Послѣднихъ немного. Генрихъ Перси, сынъ графа Нортомберлэнда, пока еще сторонникъ короля, одержалъ блестящую побѣду при Гольмдонѣ надъ шотландскимъ графомъ Дугласомъ и захватилъ много знатныхъ плѣнныхъ, которыхъ онъ, однако, отказывается выдать королю, за исключеніемъ одного Мордака, графа Фейфскаго. Король былъ правъ, усмотрѣвъ тутъ открытое пренебреженіе къ своей власти и воспользовался этимъ случаемъ, чтобы энергично отстоять королевскія права передъ своими прежними союзниками. Противъ короля въ сѣверныхъ провинціяхъ образовалась сильная дворянская коалиція, душею которой былъ Генрихъ Перси. Но въ самый рѣшительный моментъ Перси былъ покинутъ частью своихъ союзниковъ — между прочимъ собственнымъ отцомъ. Принявъ тѣмъ не менѣе сраженіе, онъ потерпѣлъ сильное пораженіе и самъ палъ въ битвѣ при Шрюсбери.

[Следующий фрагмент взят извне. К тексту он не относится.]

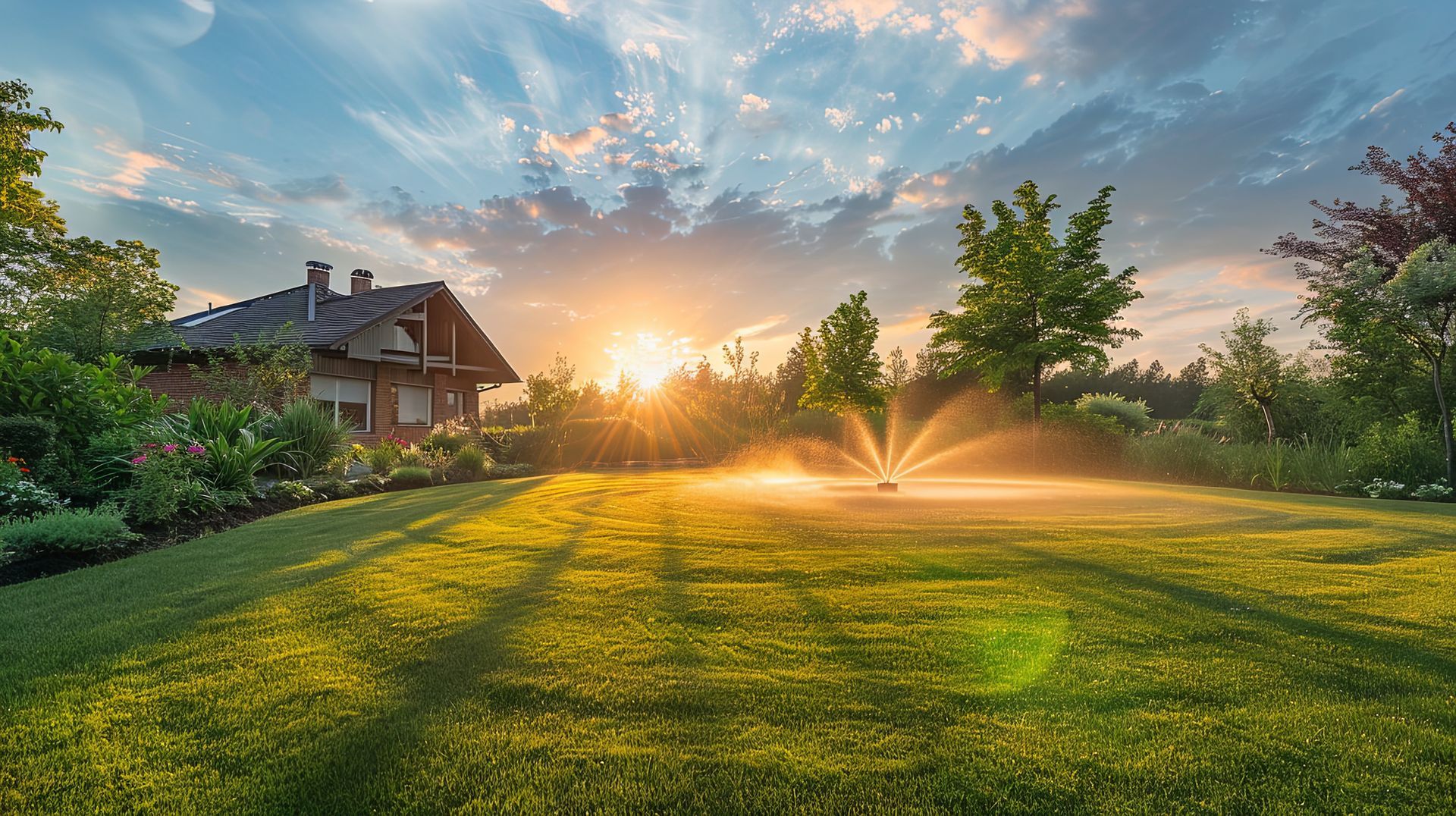 lush lawn with sprinkler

Таковы факты, легшіе въ основу первой части драмы Шекспира. Онъ нашелъ ихъ въ хроникѣ Голиншеда, которая является его главнымъ, если не единственнымъ источникомъ для всѣхъ частей драмы. Правда, уже раньше, т. е. въ началѣ 80-хъ годовъ XVI вѣка, личность принца Уэльскаго, позднѣйшаго Генриха V, послужила предметомъ драматической обработки въ пьесѣ «The famous victories of Неnry V»; но драма эта до-нельзя груба и лишена всякихъ художественныхъ достоинствъ. Шекспиръ ее навѣрное зналъ, но воспользоваться ею онъ могъ только въ нѣкоторыхъ незначительныхъ частностяхъ, намекахъ и именахъ.

Разсказа же хроники Голиндшеда онъ придерживается строго, позволяя себѣ лишь незначительныя отступленія отъ него въ интересахъ художественныхъ. Такъ напр. Генрихъ Перси (род. 1367), у него ровесникъ принца Уэльскаго, тогда какъ на самомъ дѣлѣ онъ былъ на 20 лѣтъ старше послѣдняго (род. 1387). Но зависимость Шекспира отъ хроники сказывается напр. въ томъ, что онъ, какъ послѣдняя, смѣшиваетъ двухъ одноименныхъ лицъ, сливъ ихъ воедино: — Эдмунда Мортимера, сына Филиппы, внучки Эдуарда III, зятя предводителя уэльскаго возстанія Оуэна Глендовера, и младшаго Эдмунда Мортимера, графа Марчскаго.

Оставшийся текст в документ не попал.